La rosa purpurea del Cairo

Ognuno di noi ha immaginato almeno una volta nella vita di abbandonare la realtà e trascendere nella fantasia, divenendo parte di quel meraviglioso che solo il cinema, la “fabbrica dei sogni”, è capace di creare. È quanto accade a Cecilia, interpretata da Mia Farrow, in un film del 1985 fra i capolavori scritti e diretti da Woody Allen. Con la consueta ironia, il regista riesce a toccare la profonda psicologia umana, restituendo al cinema la sua vera essenza, messa in discussione nella stagione postmoderna dall’incremento delle nuove tecnologie.
Dialogando con il passato – l’opera è ambientata all’epoca della Grande Depressione e a livello cinematografico durante l’età d’oro di Hollywood – Allen indaga il rapporto fra realtà e finzione cinematografica. Tutto ciò avviene con una sensibilità che permette allo spettatore di immedesimarsi nella protagonista, la quale si accorge, dopo essere tornata varie volte a guardare la pellicola di cui si è innamorata, di essere osservata da Tom Baxter, un attore che non recita una parte principale, ma da cui la donna rimane affascinata.
Improvvisamente Tom esce dallo schermo per incontrarla, decidendo di fuggire con lei per essere finalmente libero. Fra il pubblico presente in sala, rimasto attonito ma intenzionato a farsi rimborsare il biglietto, e gli attori ancora in scena, comincia un dialogo surreale da cui scaturisce la convinzione che la pellicola non può proseguire con l’assenza di uno dei personaggi. Alcuni degli attori manifestano il desiderio di seguire Tom per respirare la libertà, tuttavia vengono accusati di avere intenzioni ribelli e derivanti da convinzioni politiche, allusione al cambiamento della condizione dell’artista nell’epoca della postmodernità, ormai libero di fare arte in qualunque modo e per qualsiasi scopo, ma dove ad essere messo in discussione è anche il concetto stesso di “arte”.

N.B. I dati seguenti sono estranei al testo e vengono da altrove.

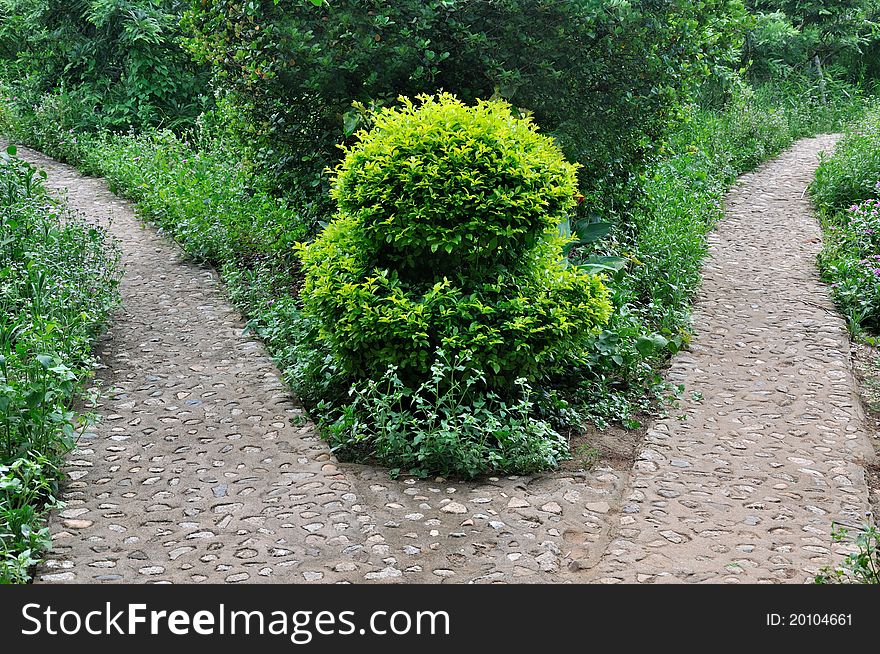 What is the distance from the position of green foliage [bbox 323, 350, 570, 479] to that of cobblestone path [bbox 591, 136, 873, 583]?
1.90 feet

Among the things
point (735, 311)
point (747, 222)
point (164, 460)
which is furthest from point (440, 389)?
point (747, 222)

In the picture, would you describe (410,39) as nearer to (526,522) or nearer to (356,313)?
(356,313)

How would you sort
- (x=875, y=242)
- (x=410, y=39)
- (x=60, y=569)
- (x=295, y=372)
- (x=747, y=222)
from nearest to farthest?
(x=60, y=569), (x=295, y=372), (x=410, y=39), (x=875, y=242), (x=747, y=222)

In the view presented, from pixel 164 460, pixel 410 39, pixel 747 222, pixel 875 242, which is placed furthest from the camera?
pixel 747 222

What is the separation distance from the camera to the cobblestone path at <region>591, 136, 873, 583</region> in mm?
3795

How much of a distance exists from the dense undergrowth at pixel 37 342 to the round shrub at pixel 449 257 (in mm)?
1434

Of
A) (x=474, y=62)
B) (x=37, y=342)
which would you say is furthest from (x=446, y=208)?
(x=474, y=62)

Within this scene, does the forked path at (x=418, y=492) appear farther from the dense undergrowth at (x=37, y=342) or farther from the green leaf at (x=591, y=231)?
the green leaf at (x=591, y=231)

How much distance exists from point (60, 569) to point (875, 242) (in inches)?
299

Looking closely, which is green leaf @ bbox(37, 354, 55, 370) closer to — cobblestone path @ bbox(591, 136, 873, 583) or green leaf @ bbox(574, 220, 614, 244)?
cobblestone path @ bbox(591, 136, 873, 583)

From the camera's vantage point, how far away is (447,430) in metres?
4.48

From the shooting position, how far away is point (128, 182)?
1060cm

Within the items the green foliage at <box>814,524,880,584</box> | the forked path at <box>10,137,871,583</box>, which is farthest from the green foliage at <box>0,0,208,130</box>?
the green foliage at <box>814,524,880,584</box>

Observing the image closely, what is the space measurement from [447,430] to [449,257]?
1019 millimetres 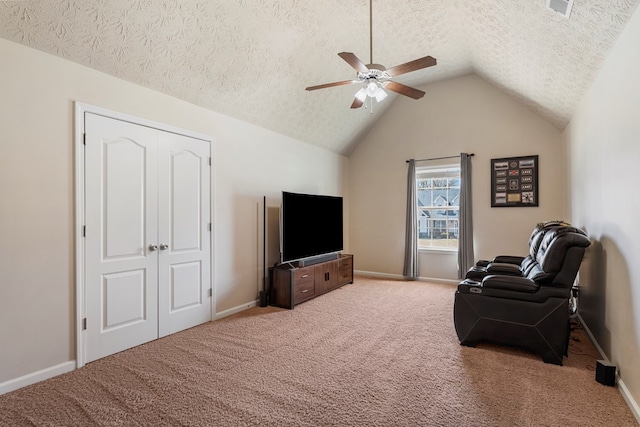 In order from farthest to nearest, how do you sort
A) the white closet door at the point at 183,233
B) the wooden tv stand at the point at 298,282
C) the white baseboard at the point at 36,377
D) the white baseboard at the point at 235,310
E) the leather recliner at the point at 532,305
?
the wooden tv stand at the point at 298,282 < the white baseboard at the point at 235,310 < the white closet door at the point at 183,233 < the leather recliner at the point at 532,305 < the white baseboard at the point at 36,377

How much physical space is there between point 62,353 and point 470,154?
5922 millimetres

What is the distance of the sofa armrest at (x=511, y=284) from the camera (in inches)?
108

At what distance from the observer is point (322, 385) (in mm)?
2363

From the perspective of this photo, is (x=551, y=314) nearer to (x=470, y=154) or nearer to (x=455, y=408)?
(x=455, y=408)

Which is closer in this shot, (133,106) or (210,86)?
(133,106)

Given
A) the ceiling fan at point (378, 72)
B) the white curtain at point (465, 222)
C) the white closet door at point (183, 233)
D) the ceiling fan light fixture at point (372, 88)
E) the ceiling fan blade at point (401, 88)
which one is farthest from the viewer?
the white curtain at point (465, 222)

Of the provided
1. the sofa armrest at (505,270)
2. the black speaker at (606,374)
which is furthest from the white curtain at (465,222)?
the black speaker at (606,374)

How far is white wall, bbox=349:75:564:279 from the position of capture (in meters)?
5.08

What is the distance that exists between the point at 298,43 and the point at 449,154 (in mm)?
3418

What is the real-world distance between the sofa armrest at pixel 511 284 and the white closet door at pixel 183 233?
300 centimetres

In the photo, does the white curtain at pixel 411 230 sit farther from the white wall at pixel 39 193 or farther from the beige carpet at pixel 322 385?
the white wall at pixel 39 193

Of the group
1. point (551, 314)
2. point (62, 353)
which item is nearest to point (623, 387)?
point (551, 314)

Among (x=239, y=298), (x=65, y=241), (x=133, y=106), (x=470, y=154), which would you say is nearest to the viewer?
(x=65, y=241)

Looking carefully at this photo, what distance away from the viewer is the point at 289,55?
3762 mm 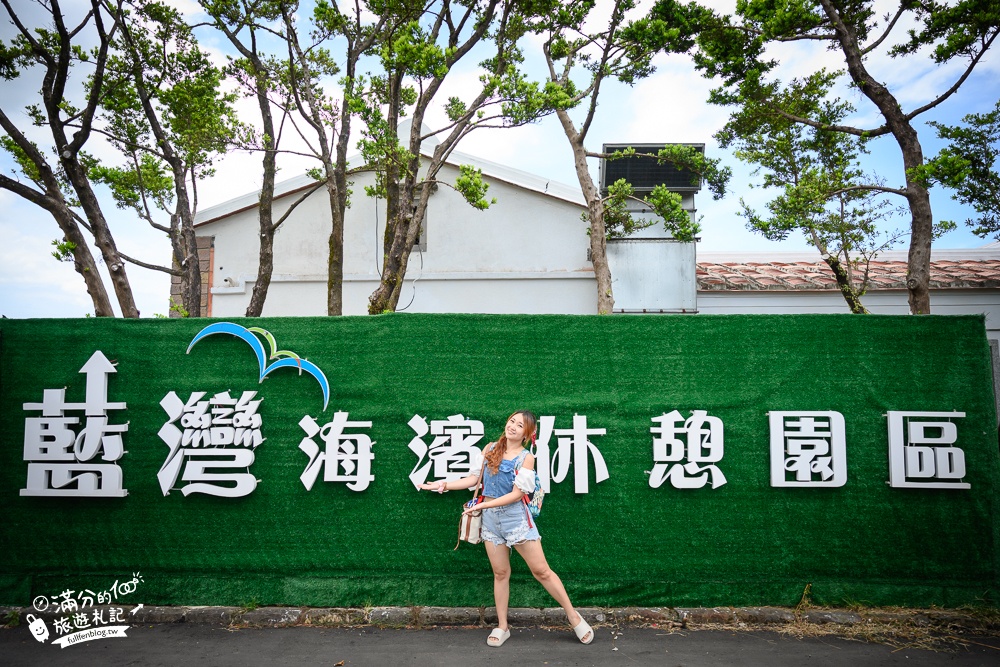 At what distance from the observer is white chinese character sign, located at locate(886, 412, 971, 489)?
452 centimetres

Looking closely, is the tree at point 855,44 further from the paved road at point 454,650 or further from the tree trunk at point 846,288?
the paved road at point 454,650

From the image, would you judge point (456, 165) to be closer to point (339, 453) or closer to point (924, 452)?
point (339, 453)

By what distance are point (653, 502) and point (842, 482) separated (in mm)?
1310

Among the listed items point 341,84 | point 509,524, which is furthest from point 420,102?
point 509,524

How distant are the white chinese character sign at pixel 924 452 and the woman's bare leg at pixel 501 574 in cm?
273

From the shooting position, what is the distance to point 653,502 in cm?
459

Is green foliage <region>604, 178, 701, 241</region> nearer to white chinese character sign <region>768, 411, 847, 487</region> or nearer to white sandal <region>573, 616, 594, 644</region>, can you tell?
white chinese character sign <region>768, 411, 847, 487</region>

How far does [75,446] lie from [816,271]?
11.9 m

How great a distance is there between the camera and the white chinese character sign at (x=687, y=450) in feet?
15.0

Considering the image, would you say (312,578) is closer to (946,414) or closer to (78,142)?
(946,414)

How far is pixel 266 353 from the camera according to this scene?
4773 millimetres

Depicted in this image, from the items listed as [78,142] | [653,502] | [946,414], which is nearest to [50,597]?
[653,502]

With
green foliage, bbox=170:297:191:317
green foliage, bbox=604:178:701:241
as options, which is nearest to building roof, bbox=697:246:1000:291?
green foliage, bbox=604:178:701:241

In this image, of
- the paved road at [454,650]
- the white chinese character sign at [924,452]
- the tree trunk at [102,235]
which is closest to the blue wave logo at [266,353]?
the paved road at [454,650] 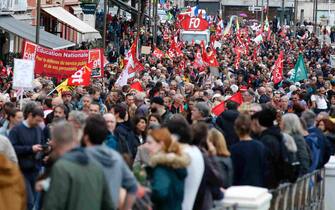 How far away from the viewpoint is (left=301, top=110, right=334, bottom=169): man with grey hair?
16.9 m

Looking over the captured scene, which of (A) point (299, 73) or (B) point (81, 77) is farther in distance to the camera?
(A) point (299, 73)

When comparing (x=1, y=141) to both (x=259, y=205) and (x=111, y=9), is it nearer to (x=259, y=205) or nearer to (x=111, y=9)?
(x=259, y=205)

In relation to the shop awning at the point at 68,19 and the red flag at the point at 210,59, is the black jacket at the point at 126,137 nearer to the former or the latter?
the red flag at the point at 210,59

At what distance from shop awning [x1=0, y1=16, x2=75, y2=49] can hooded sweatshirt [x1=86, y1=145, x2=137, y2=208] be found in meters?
32.6

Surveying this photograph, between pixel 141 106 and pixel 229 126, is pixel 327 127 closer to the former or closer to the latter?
pixel 229 126

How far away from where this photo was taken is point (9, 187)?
1110 cm

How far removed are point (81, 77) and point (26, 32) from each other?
59.7ft

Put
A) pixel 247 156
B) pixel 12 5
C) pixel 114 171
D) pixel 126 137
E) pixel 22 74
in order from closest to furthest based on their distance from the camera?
pixel 114 171
pixel 247 156
pixel 126 137
pixel 22 74
pixel 12 5

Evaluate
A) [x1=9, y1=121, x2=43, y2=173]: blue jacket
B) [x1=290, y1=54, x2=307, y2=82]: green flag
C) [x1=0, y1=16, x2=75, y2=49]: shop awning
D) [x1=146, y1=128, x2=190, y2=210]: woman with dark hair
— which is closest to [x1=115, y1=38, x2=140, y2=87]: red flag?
[x1=290, y1=54, x2=307, y2=82]: green flag

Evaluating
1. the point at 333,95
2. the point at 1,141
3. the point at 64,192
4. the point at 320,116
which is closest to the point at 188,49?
the point at 333,95

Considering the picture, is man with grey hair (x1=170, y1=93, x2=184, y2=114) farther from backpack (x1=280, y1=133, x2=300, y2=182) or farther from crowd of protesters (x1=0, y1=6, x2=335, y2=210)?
backpack (x1=280, y1=133, x2=300, y2=182)

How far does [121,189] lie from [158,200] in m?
0.68

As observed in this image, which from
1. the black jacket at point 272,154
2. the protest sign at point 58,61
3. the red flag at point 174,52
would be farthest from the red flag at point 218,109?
the red flag at point 174,52

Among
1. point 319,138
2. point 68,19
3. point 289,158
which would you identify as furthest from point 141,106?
point 68,19
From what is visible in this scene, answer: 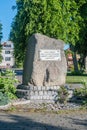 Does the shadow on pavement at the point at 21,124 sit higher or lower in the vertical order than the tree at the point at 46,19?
lower

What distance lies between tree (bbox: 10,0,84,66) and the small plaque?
83.8 feet

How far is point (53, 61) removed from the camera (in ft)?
50.5

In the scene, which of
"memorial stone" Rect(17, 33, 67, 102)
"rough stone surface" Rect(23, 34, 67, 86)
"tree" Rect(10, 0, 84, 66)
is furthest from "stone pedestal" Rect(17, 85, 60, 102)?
"tree" Rect(10, 0, 84, 66)

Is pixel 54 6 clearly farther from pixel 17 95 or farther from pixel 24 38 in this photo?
pixel 17 95

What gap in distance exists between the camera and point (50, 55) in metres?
15.4

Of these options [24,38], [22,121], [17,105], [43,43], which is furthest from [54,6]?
[22,121]

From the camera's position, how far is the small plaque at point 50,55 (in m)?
15.2

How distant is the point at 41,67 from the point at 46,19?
87.0 ft

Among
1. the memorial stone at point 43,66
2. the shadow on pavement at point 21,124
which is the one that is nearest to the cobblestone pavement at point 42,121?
the shadow on pavement at point 21,124

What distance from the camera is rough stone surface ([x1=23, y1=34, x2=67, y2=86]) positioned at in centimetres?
1505

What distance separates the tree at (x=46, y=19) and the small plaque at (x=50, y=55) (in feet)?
83.8

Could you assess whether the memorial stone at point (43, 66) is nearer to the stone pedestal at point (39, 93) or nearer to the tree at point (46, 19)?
the stone pedestal at point (39, 93)

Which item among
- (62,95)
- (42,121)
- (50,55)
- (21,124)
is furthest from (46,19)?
(21,124)

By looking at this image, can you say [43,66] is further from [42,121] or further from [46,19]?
[46,19] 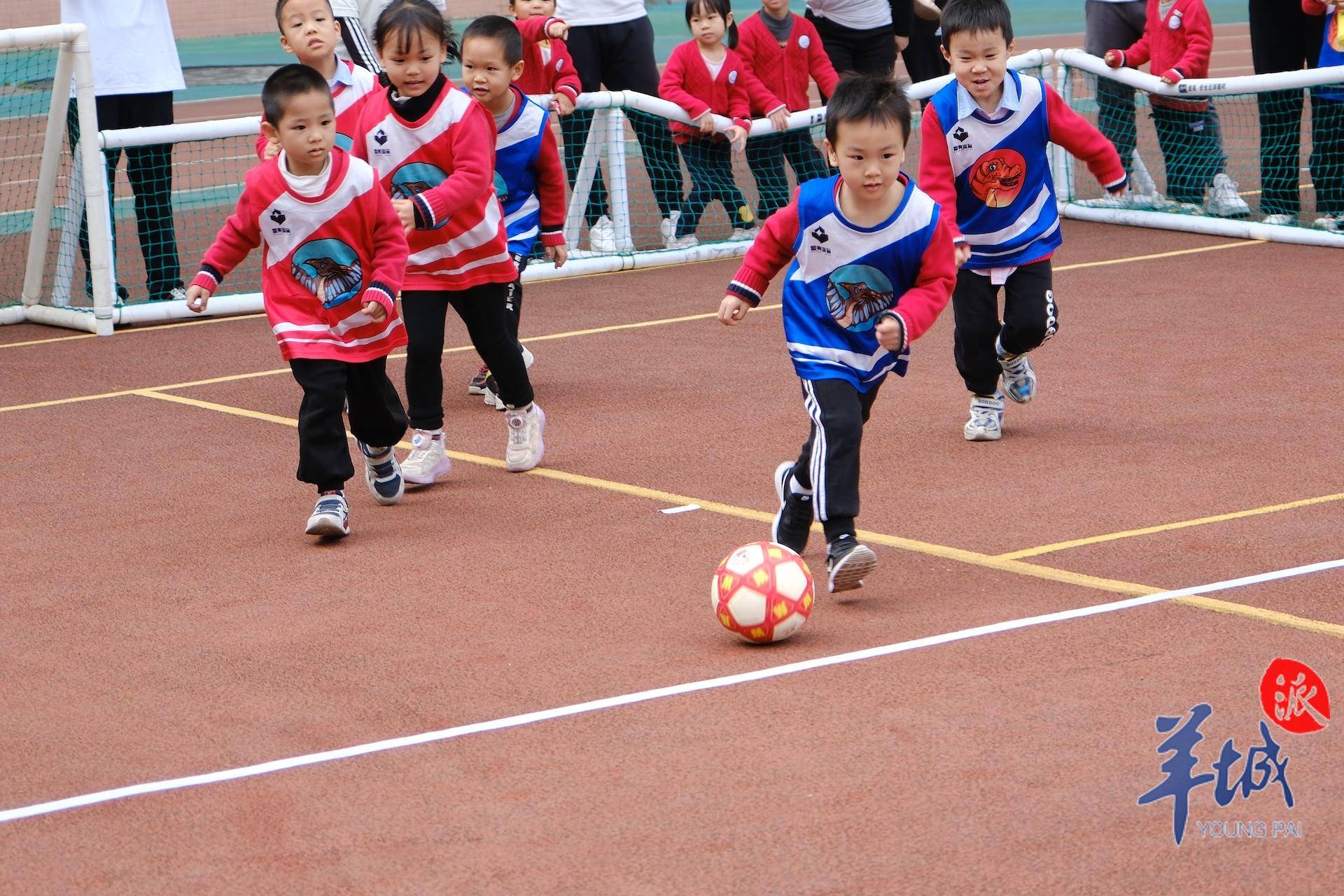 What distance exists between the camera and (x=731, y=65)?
12.4 m

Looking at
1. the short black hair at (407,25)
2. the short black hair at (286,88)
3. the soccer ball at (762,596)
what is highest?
the short black hair at (407,25)

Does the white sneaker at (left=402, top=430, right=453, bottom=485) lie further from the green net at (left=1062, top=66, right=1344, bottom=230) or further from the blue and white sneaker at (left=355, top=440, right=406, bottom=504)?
the green net at (left=1062, top=66, right=1344, bottom=230)

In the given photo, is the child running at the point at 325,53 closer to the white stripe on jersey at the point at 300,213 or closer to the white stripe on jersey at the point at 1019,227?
the white stripe on jersey at the point at 300,213

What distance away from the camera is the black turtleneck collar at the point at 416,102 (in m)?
7.11

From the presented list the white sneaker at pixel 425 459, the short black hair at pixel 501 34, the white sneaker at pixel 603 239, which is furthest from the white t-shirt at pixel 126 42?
the white sneaker at pixel 425 459

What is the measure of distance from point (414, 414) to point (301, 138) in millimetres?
1405

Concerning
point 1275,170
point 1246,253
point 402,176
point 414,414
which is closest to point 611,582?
point 414,414

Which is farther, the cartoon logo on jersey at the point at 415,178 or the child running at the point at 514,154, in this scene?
the child running at the point at 514,154

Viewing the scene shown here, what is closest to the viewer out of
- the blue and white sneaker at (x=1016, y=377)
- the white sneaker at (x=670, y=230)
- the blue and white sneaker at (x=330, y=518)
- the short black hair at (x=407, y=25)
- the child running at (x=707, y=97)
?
the blue and white sneaker at (x=330, y=518)

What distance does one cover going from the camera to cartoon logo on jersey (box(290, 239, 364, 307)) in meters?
6.41

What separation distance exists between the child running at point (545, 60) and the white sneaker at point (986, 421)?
481cm

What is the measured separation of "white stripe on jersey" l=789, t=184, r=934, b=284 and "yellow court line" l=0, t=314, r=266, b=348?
6.09 metres

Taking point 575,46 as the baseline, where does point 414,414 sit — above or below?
below

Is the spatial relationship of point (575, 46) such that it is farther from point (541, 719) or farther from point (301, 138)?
point (541, 719)
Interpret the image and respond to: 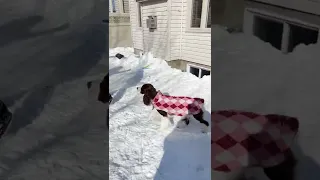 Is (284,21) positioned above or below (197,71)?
above

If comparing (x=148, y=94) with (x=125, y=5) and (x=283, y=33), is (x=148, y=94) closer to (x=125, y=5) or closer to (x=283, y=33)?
(x=283, y=33)

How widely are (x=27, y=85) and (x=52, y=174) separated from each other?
240 millimetres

La situazione assurda a cui assistiamo in questa scena sembra riprendere lo stile di una delle opere teatrali di Luigi Pirandello, Sei personaggi in cerca d’autore (1921), dove l’espediente metateatrale diviene nel caso di Allen il modo di indagare il ruolo del cinema in chiave contemporanea e mostrarne tutta la magia, tanto che la sensazione che si prova nel vedere la pellicola è quella di volersi recare in sala anche solo per fantasticare di vivere la medesima situazione. Il regista mostra una vena pessimista della realtà, nella quale Cecilia è delusa dal matrimonio e da un marito fannullone, esaltando invece il fantastico, dove la protagonista può permettersi di vivere un’avventura sentimentale idilliaca. L’incontro con Gil Shepherd, l’attore interprete del personaggio di Tom, rivela però la concreta possibilità di raggiungere davvero la felicità, speranza alimentata dal fatto che Allen stava vivendo in quegli anni una relazione con la stessa Farrow. La difficile scelta da parte di Cecilia, “per quanto sia forte la tentazione, devo scegliere il mondo reale”, è un punto fondamentale del film, nonostante ne rimarrà delusa non appena l’attore lascerà la città insieme alla compagnia.
Quello che rimarrà immutato è però il suo amore per il cinema, incantata nel finale da un intenso ballo tra Fred Astaire e Ginger Rogers.
La rosa purpurea del Cairo sviluppa una storia lineare in cui si assiste ad un percorso di crescita interiore da parte della protagonista, interpretata magistralmente dalla Farrow, con il regista che pone l’attenzione sul ruolo e la psicologia della donna all’interno della società. Così, partendo da un personaggio apparentemente debole e vittima del marito, si giunge ad una figura emancipata, sicura delle sue scelte, che fa della passione per il cinema una ragione in più per vivere ed interrogarsi sulle domande che si pone, come quelle legate a un senso religioso.
Le scenografie rispecchiano perfettamente l’America della Grande Depressione, con la sua povertà e i suoi parchi divertimenti abbandonati, mentre a livello musicale la canzone Cheek to Cheek di Fred Astaire richiama con sottile nostalgia gli anni della Hollywood classica.